One significant difference between Masquerade’s Arbenin and his Shakespearean prototype is in the fact that this Nikolaevan Othello did not have any exotic blood running through his veins that could be used as a justification of his violent temper.  Or did he?

Using intertextual references, as well as biographical and epistolary data, I argue that the character of Evgenii Aleksandrovich Arbenin, apart from exemplifying the emerging literary genius of its creator, was also Lermontov’s attempt at a psychological portrait of his famous older contemporary, whom he glorified posthumously just a short while later.
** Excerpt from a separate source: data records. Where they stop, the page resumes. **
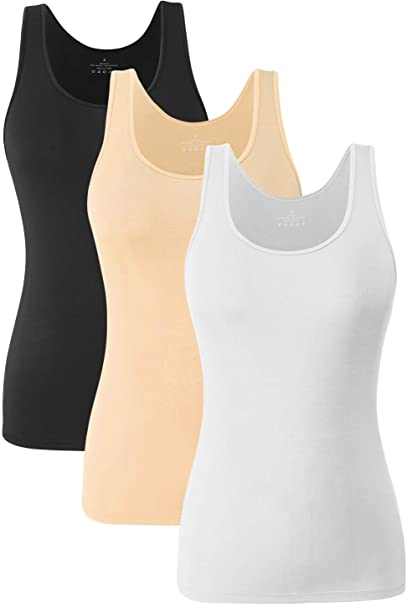Le Nepho Womens Tank Tops Wide Strap Tank Top Scoop Neck Cami 4-Pack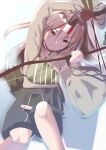  1girl arrow_(projectile) bow_(weapon) brown_eyes brown_gloves brown_hair gloves hachimaki headband high_ponytail highres holding holding_arrow holding_bow_(weapon) holding_weapon japanese_clothes kantai_collection long_hair looking_at_viewer metadio muneate one-hour_drawing_challenge partially_fingerless_gloves quiver solo twitter_username weapon yugake zuihou_(kancolle) zuihou_kai_(kancolle) 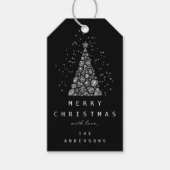 Merry to Name Holiday Black Diamond Tree Cadeaulabel (Voorkant)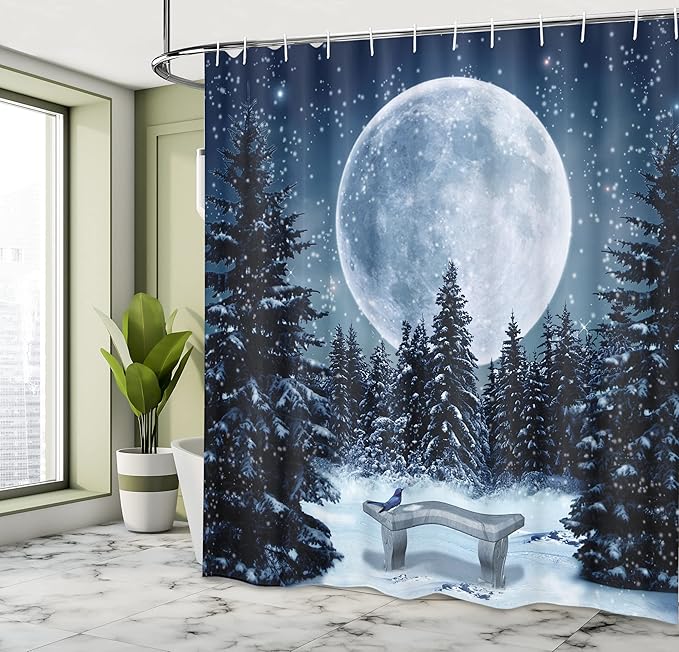 Ambesonne Winter Shower Curtain, Dreamy Cold Night a Big Full Moon and Bench Park Stars in The Darkness, Cloth Fabric Bathroom Decor Set with Hooks, 69" W x 70" L, White Blue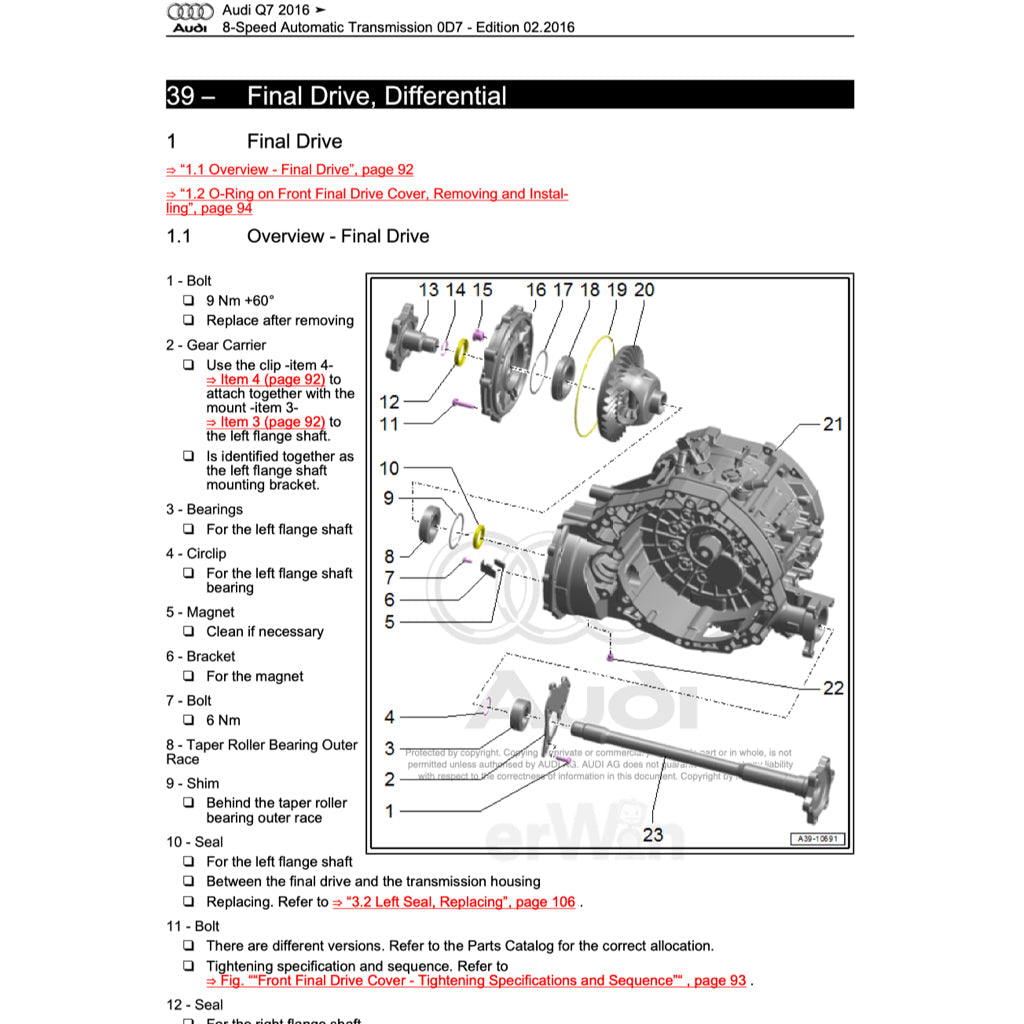 AUDI Q7 4M 2015-2020 Full Manual Set – Repair & Maintenance Manual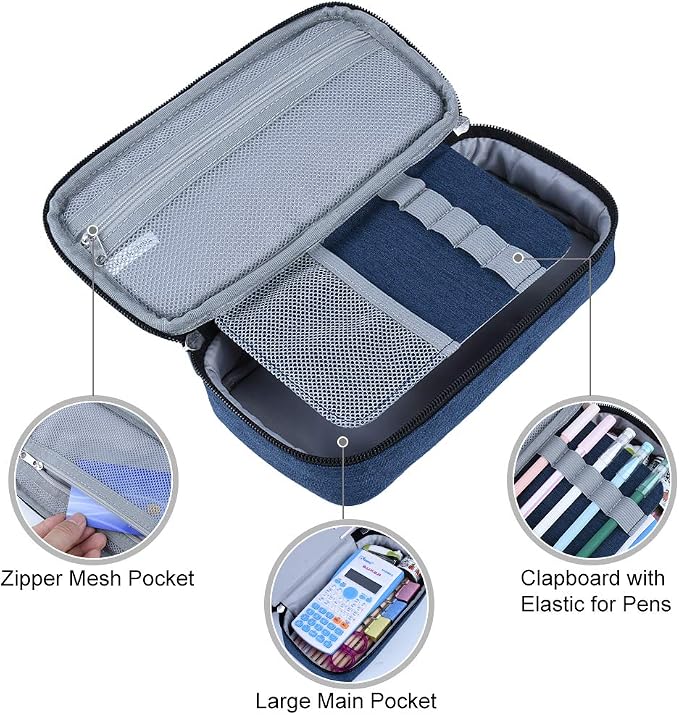 Chelory Big Capacity Pencil Case Large Pencil Bag Pouch Pen Case Pencil Marker Holder Stationery Storage Makeup Bag for Office Supplies Adults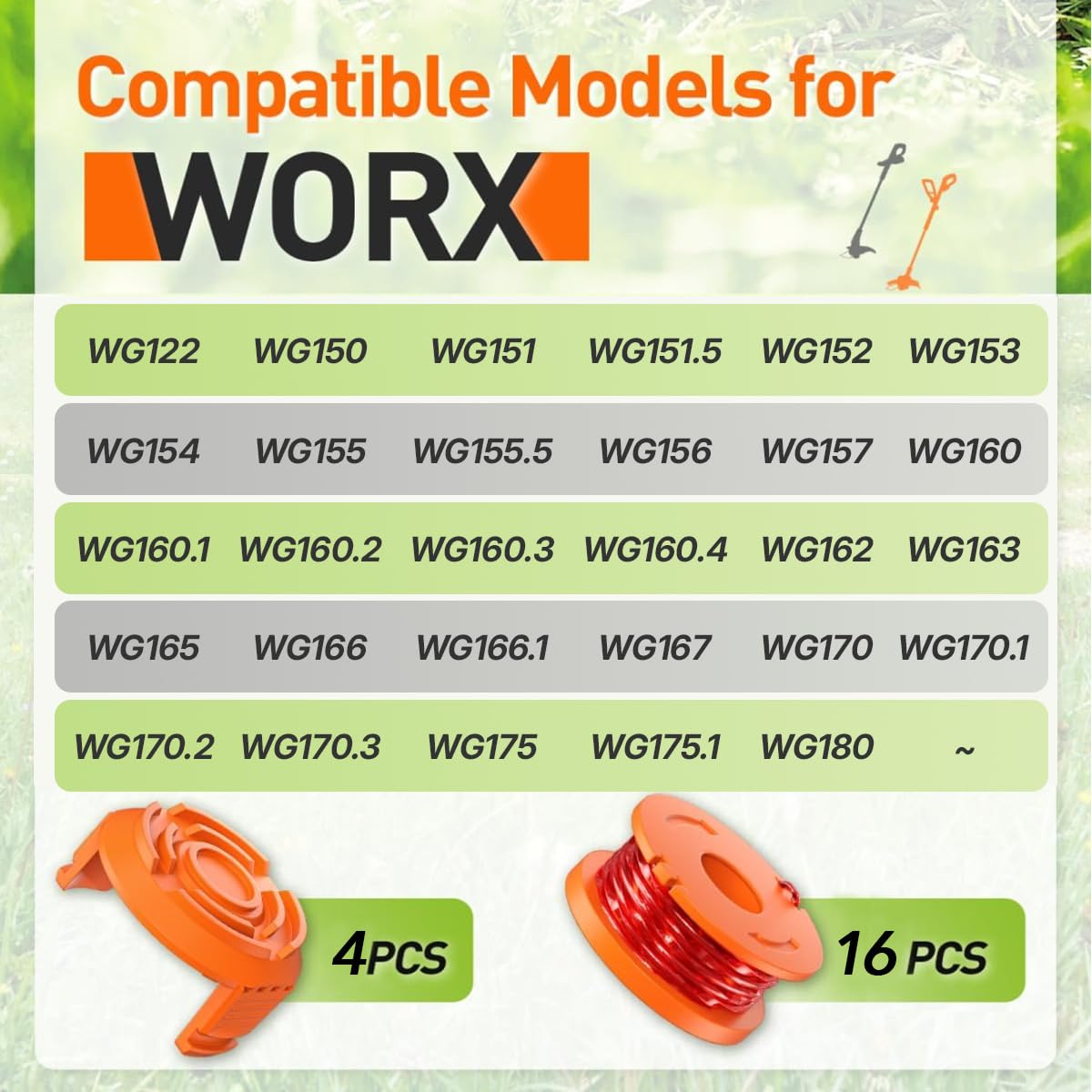 Confezione da 20 corde mangia-erbacce compatibili con Worx, 0,2 cm 3 m/confezione, bobina di ricambio per decespugliatore, compatibile con decespugliatori Worx (16 bobine + 4 tappi)
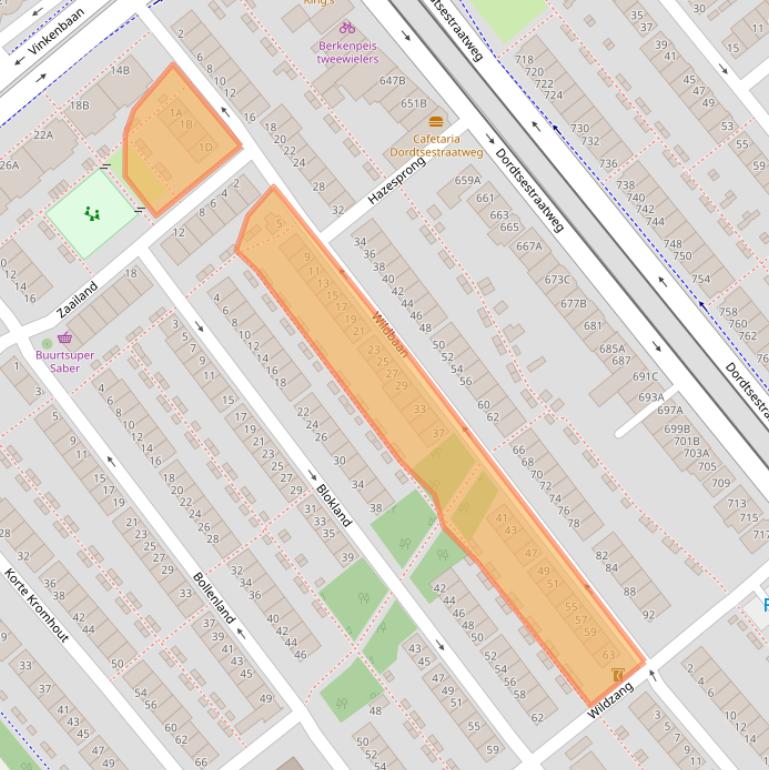 Kaart van postcodegebied 3075DN.
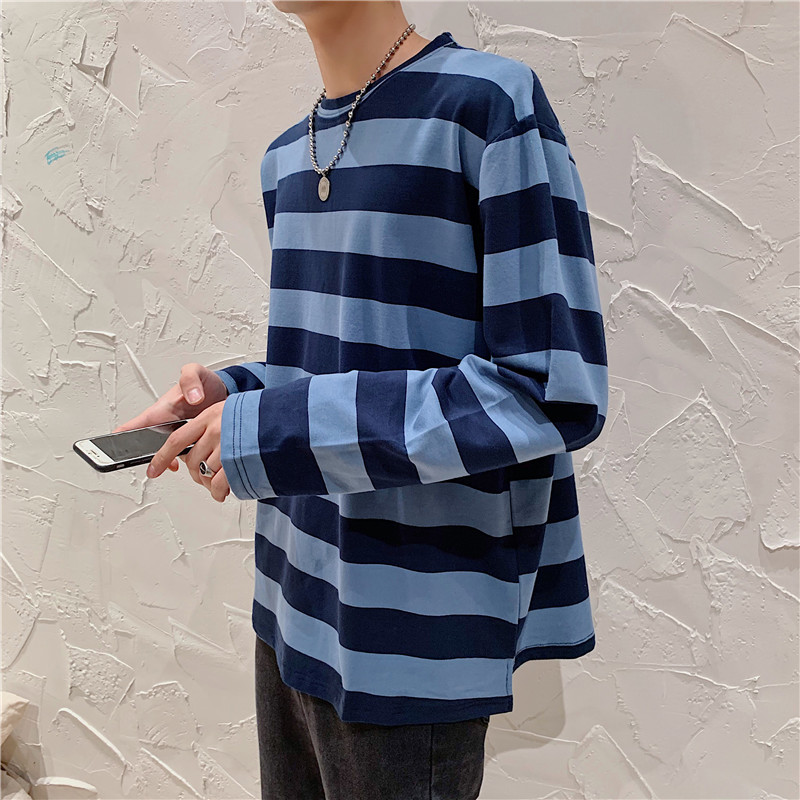 Áo sweater tay dài dáng rộng kẻ sọc thời trang cho cặp đôi
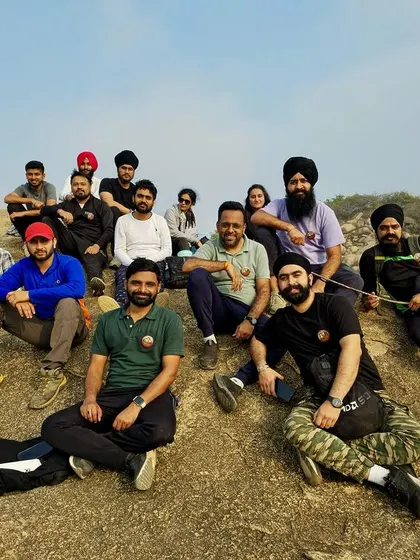 A diverse group of trekkers enjoying the Anthargange trail. We welcome people from all backgrounds to join our adventures.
Admitting that every Russian poet, beginning with Lermontov, could not escape objectifying at some point his or her phantomic reality of “my Pushkin,” I propose to take into consideration that before Death of a Poet (1837) there was Masquerade (1834-1836), in which Lermontov presented his very own, inherently dark, covertly demonic, and still living “slave of honor.”

 

Title:       The Lie That Tells the Truth: Lermontov’s Shtoss Between Text and Performance

Author:   David Powelstock, Brandeis University

In spring 1841 Lermontov announced that he would read his “new novel” Shtoss at an evening gathering.  He requested that only the core salon habitués be invited, asking that they arrive unusually early for a reading of at least four hours. On the appointed evening, when the select audience of about thirty had gathered, Lermontov entered with an enormous notebook, plunked it down on the table, and began to read.  After about fifteen minutes, he stopped, and that was it.  All but the first twenty pages of the notebook were blank.

The performance of Shtoss as a hoax, together with its uncharacteristically fantastic plot, has led some scholars to discount its significance.  However, as one of Lermontov’s last texts, it has tempted others to read a great deal into it.  Yet one can hardly agree with the conclusion voiced by prominent Soviet scholars that the story represents Lermontov’s conversion to the Natural School. In places, the story, despite its fantastic plot, describes Petersburg in the naturalistic terms of the fiziologicheskii ocherk. And one might see the plot as a pastiche of the Romantic fantastic. But why not consider the “naturalistic” parts as pastiche, also? 

I approach Shtoss as a hoax with a serious literary purpose. I examine the story’s significance by reciprocally superimposing the “unfinished” literary text itself and the “unfinished” behavioral text of its salon performance as dual manifestations of a single Lermontovian characteristic: his lifelong tendency toward provoking his audiences into rethinking their aesthetic and moral norms.  I readdress the story’s (and Lermontov’s) relation to the secondary interpretive question of the Romanticism-Naturalism-Realism debate, connecting the piece to contemporary literary historical processes, as Lermontov saw them. I conclude that Lermontov’s “practical joke” was indeed practical. It used naturalistic and fantastic devices allegorically, to make a statement about “literary interest” that was critical toward contemporary literary practices, but far from anti-Romantic.

 

Title:       Pechorin’s Last Journey: Literary Models and Historical Background

Author:   Ilya Vinitsky, University Of Pennsylvania

The present paper deals with a discussion of a “Persian motif” in Mikhail Lermontov’s A Hero of Our Time (1839-1840). Why does Pechorin head to “Persia and further on” at the end of his life (“Maksim Maksimych”)? What does this “further on” imply? What was the cultural content of the concept “Persia” in Russian literature of the 1830s? Were there any real prototypes for the hero of our time’s last voyage?

To answer these questions I consider Pechorin’s last enterprise within competing Romantic models of the Occidental journey, within the historical and political situation of the late 1830s, as well as within contexts of real trips by Russian travelers to “Persia and further on” in the discussed period. I draw special attention to the figure of a 30-year old Russian officer and Romantic wanderer Ivan Viktorovich Vitkevich, whose adventurous life, melancholy letters, and mysterious death in 1839 represent an interesting parallel to Pechorin’s story. I argue that, to an extent, Pechorin not only acts, but also dies as the hero of his time.